* _EXERCISE INPUTS_
***

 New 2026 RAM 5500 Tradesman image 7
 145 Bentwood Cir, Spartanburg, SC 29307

***

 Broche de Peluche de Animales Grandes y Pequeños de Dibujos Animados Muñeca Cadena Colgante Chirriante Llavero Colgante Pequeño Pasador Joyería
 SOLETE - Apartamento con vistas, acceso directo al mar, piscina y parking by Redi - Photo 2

***

* _YOUR INSTRUCTIONS_
What is needed is a verbatim copy of every line in the records above from the one containing "New 2026 RAM 5500 Tradesman image 7" down to the one containing "145 Bentwood Cir, Spartanburg, SC 29307", both included, and nothing more.

* _TASK ANSWER_
 New 2026 RAM 5500 Tradesman image 7
 145 Bentwood Cir, Spartanburg, SC 29307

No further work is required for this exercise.